Amazon’s Kindle e-book reader has a feature that allows users to set it up so that it “reads” their books aloud. A handy application for those with disabilities that limit their reading capabilities, such as paralysis or blindness, this feature has surprisingly gained some heat.
The Authors Guild, a organization that has been advocating for copyright protection and fair author contracts since 1912, is concerned that this electronic reader will hurt the sales of audio books. This spurred Amazon into giving authors and publishers the option to silence the text-to-speech ability in the e-readers. According to Inc.com, Americans alone spend more than $1 billion on audio books every year, so we can see some might infer greed as the motivator behind this decision.
On their web site, the Authors Guild posted this statement: “The Authors Guild will gladly be a forceful advocate for amending contracts to provide access to voice-output technology to everyone. We will not, however, surrender our members’ economic rights to Amazon or anyone else. The leap to digital has been brutal for print media generally, and the economics of the transition from print to e-books do not look as promising as many assume.

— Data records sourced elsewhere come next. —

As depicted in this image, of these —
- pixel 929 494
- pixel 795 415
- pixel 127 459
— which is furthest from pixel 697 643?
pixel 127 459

Authors can’t afford to start this transition to digital by abandoning rights.”
In response to this move 31 disability organizations including the National Disability Rights Network and the American Association of People with Disabilities, formed the Reading Rights Coalition to protest what they see as an unfair restriction to their e-book access. They are staging protests at major book fairs as well as at the Authors Guild and distributing a We Want to Read petition to give “people with print disabilities…the opportunity to enjoy access to books on an equal basis with those who can read print”.